The DFC Strategic Framework is a shared vision for Detroit’s future that resulted from a massive, citywide public engagement effort. It recommends a series of ideas, strategies and approaches on how to best use the city’s abundance of land, foster job growth and economic prosperity, ensure vibrant neighborhoods, build an infrastructure that serves citizens at a reasonable cost, and maintain the high level of community engagement integral to the long-term revitalization of Detroit.
Detroit residents and civic leaders, from both the nonprofit and for-profit sectors, shared their work publicly at key points and shaped it in response to changing information and community feedback throughout the process.
Detroit Future City (DFC) helps connect Detroiters with information and inspiration, as well as others who are working toward local resiliency. We are working toward a future where residents and institutions, local and national land use experts alike, are actively involved in the stewardship of Detroit’s land.

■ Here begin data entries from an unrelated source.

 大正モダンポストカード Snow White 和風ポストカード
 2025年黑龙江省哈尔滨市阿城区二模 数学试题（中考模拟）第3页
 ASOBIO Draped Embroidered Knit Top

The Need for Vacant Land Transformation
There are more than 120,000 vacant lots — comprising 24 square miles— across Detroit. While vacant land can be found in every neighborhood and has an impact on every resident, 72% of the city’s vacant lots are located in areas of concentrated poverty, which are defined as census tracts with a poverty rate greater than 40%. Detroit also has an aging water system that is often overwhelmed by increasingly frequent and intense severe weather events, leading to flooding in parts of the city.

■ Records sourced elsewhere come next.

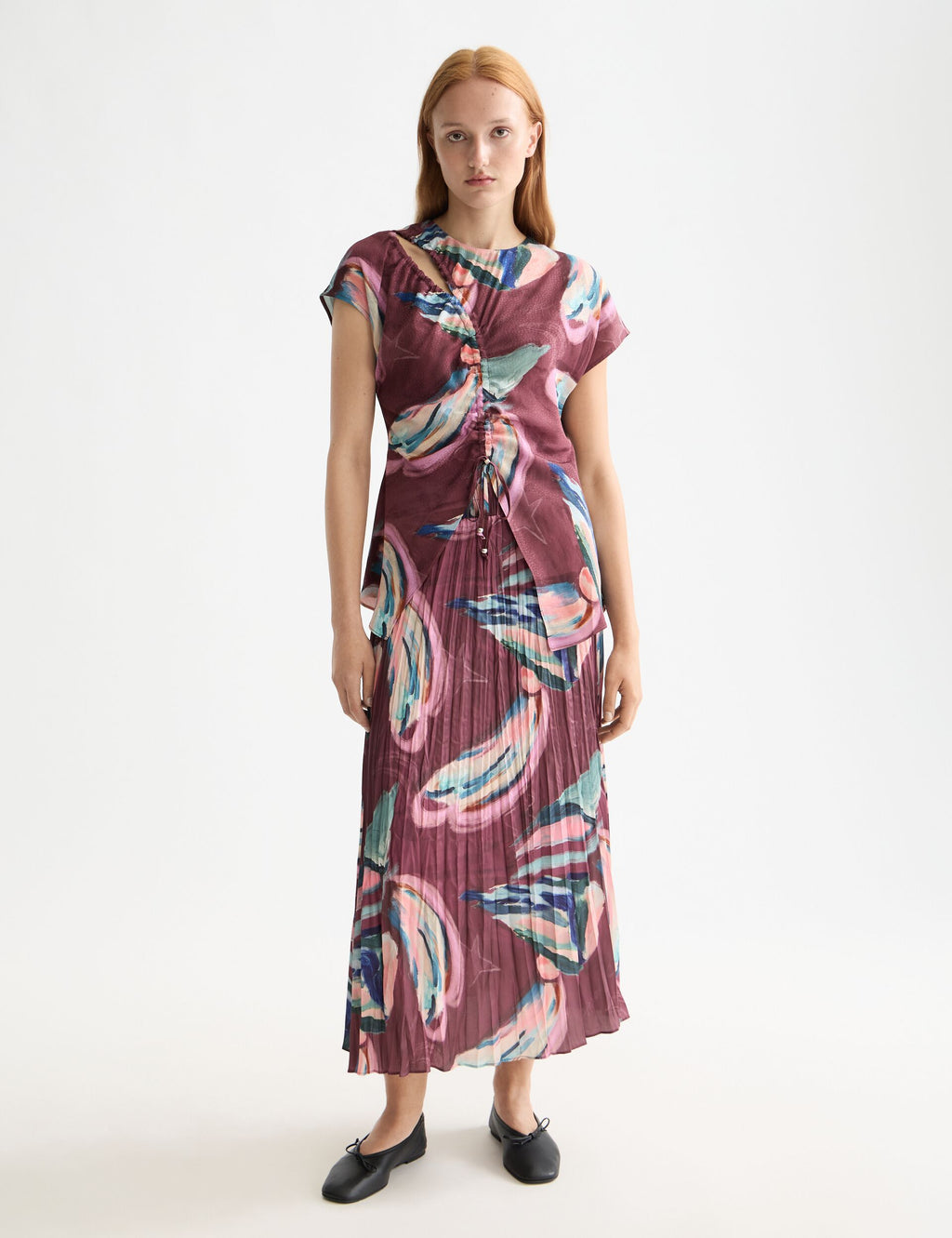 Crinkle pleat midi skirt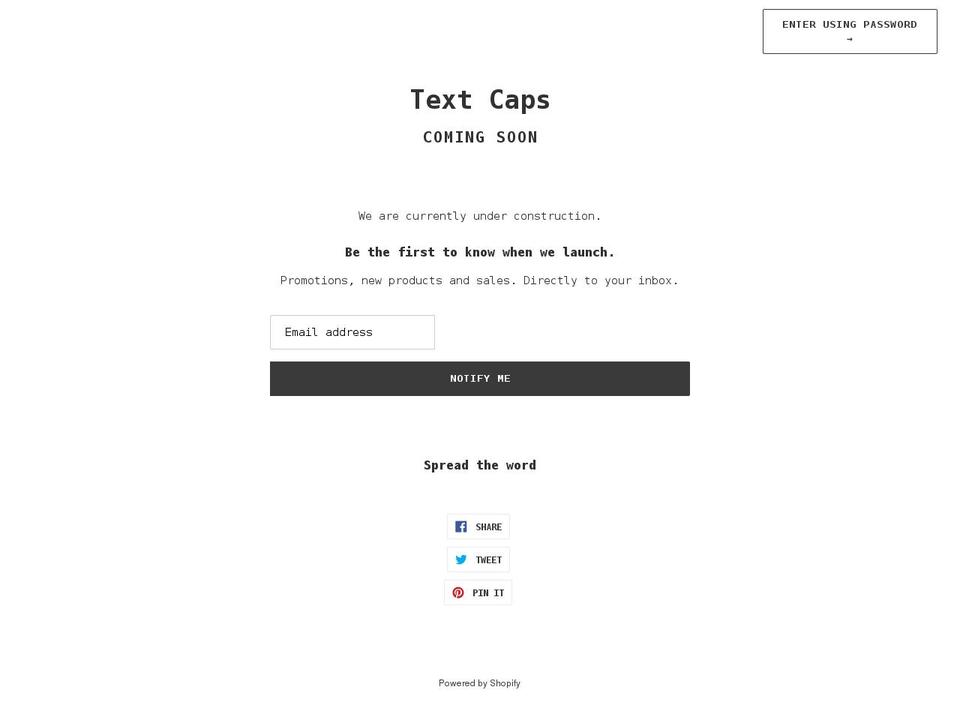 textcaps.com shopify website screenshot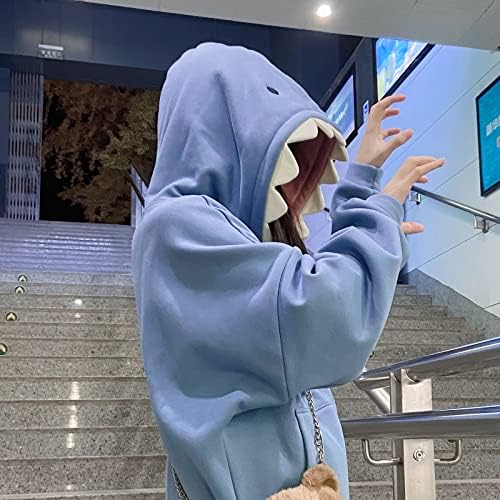 Yemемоцил жени симпатична ајкула худи со долг ракав сина каваи, животински ајкула форма со качулка, џемпери, џемпери
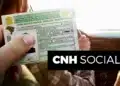 Mão segura CNH brasileira categoria D dentro de carro, com selo preto "CNH Social" no canto inferior direito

Transforming Detroit’s vacant land into an innovative open space network has the potential to foster a uniquely sustainable city that can create jobs with pathways to prosperity, provide physical and psychological health benefits, and improve air and water quality. Recently, a focus on the importance of managing stormwater has been uplifted by Detroit Water and Sewerage Department’s (DWSD) new stormwater credit program and investment in green stormwater infrastructure to address combined sewer overflow into our lakes and rivers. Green stormwater infrastructure in urban areas can help to reduce flooding and sewer overflows by absorbing large amounts of stormwater, both replenishing the groundwater supply and preventing the need for the water to be channeled through our sewers. Detroiters are critical partners in guiding vacant land transformation and assuring that land is an asset that promotes economic, environmental and social quality of life benefits for all residents in our neighborhoods.

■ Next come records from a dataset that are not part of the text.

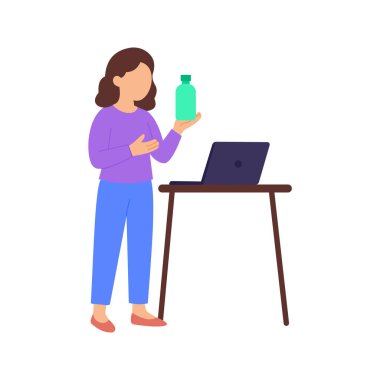 Sanal Ürün Tanıtımı, çevrimiçi tanıtım yoluyla ürün özellikleri sunumu, Düz Vektör Karakter Çizimi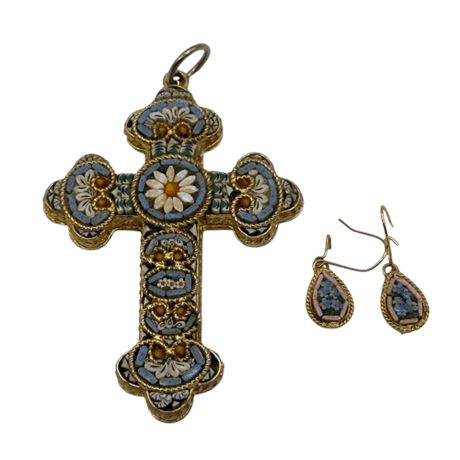 Vintage Florentine Micro Mosaic Cross Pendant & Earrings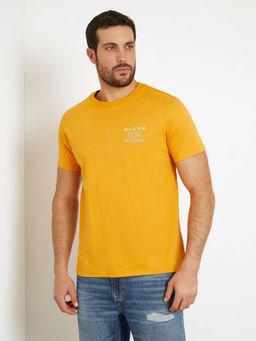 Guess - Men Yellow Printed T-Shirt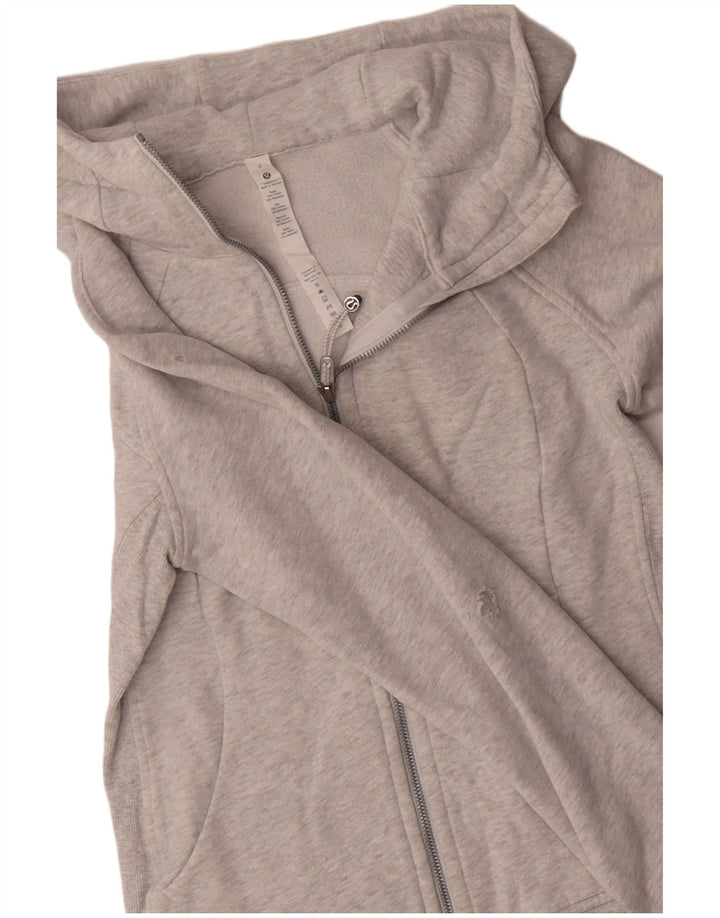 LULULEMON Damen-Kapuzenpullover mit Reißverschluss, US 6, mittelgraue Baumwolle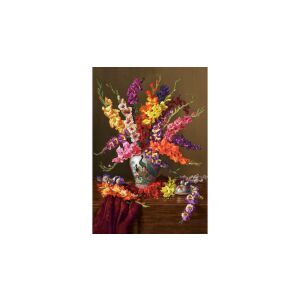 Puzzle Castorland 1000 de piese, Tavaszi kardvirág (C-104949), puzzle finalizat care prezintă un buchet colorat de gladiole într-o vază - Puzzle 3D & Puzzle cu burete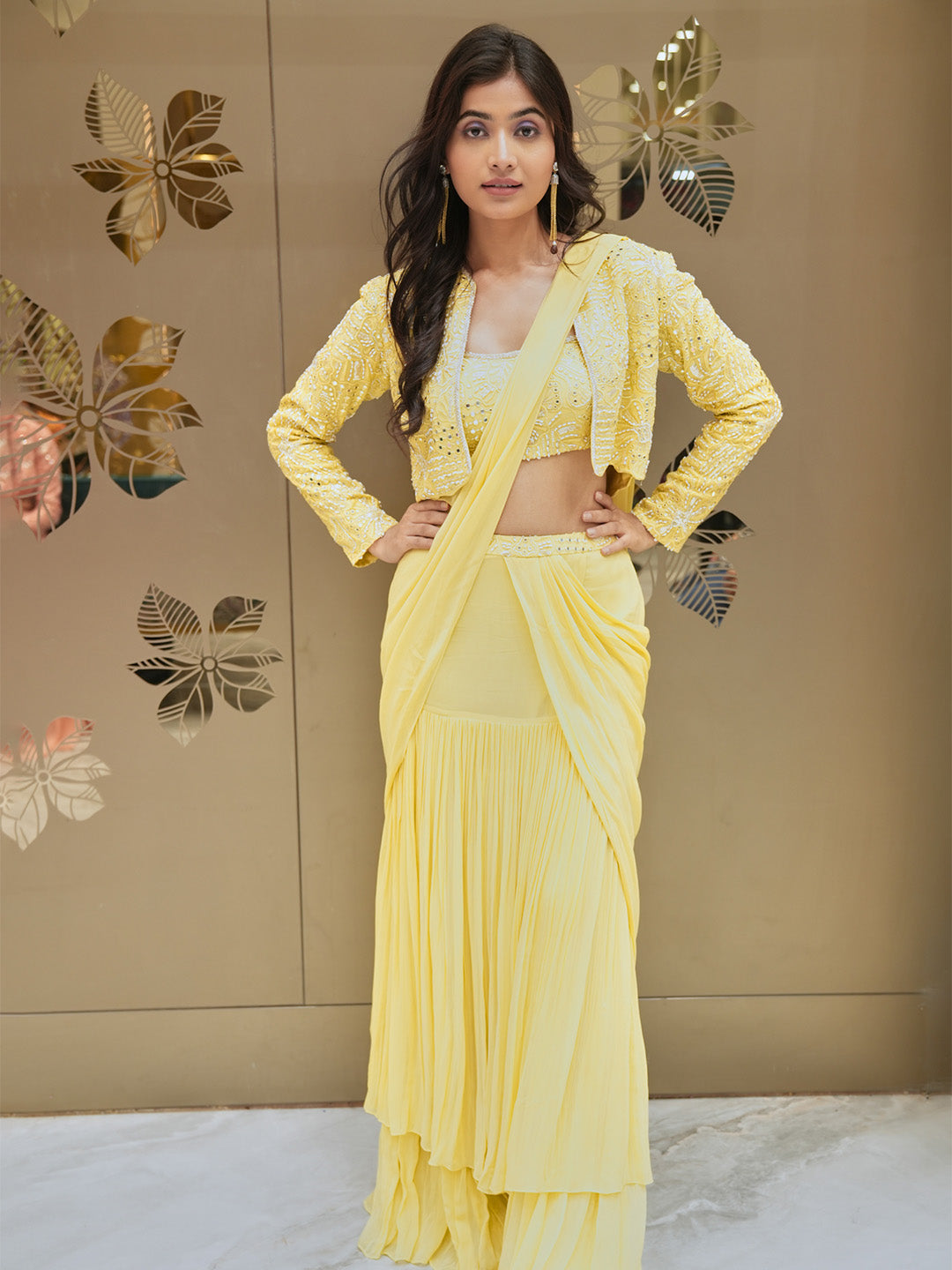 Cream Yellow Georgette Pre Draped Saree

Land Use and Sustainability Strategic Goals
To advance the city’s ability to create a green and sustainable city unlike any other in the world, Detroit Future City is taking a three-pronged approach over the next five years, which includes:
Advancing open space as a land use through policy change, public/private partnerships and publications.
Supporting the eco-system of Detroit’s nongovernmental organizations to reduce stormwater overflows.
Building capacity across sectors to scale vacant land transformation and measuring its impact.
Detroit Future City (DFC) is dedicated to a long-term vision for Detroit built on equitable economic opportunities and outcomes for all Detroiters, and a diverse range of thriving neighborhoods for people of all incomes. DFC promotes strategies that meet the needs of current residents and support local businesses, while also attracting new residents and encouraging economic growth.
The Need for Equitable and Inclusive Development
More than 35 percent of Detroit’s residents live at or below the federal poverty line, and the median income for all Detroiters is less than half of that for the metro area. The number of jobs is growing, but unemployment remains high, and many Detroiters must commute outside the city for work. Creating economic opportunity for all Detroiters through business attraction, small-business creation, neighborhood-based enterprises, and workforce development will improve the quality of life across the city.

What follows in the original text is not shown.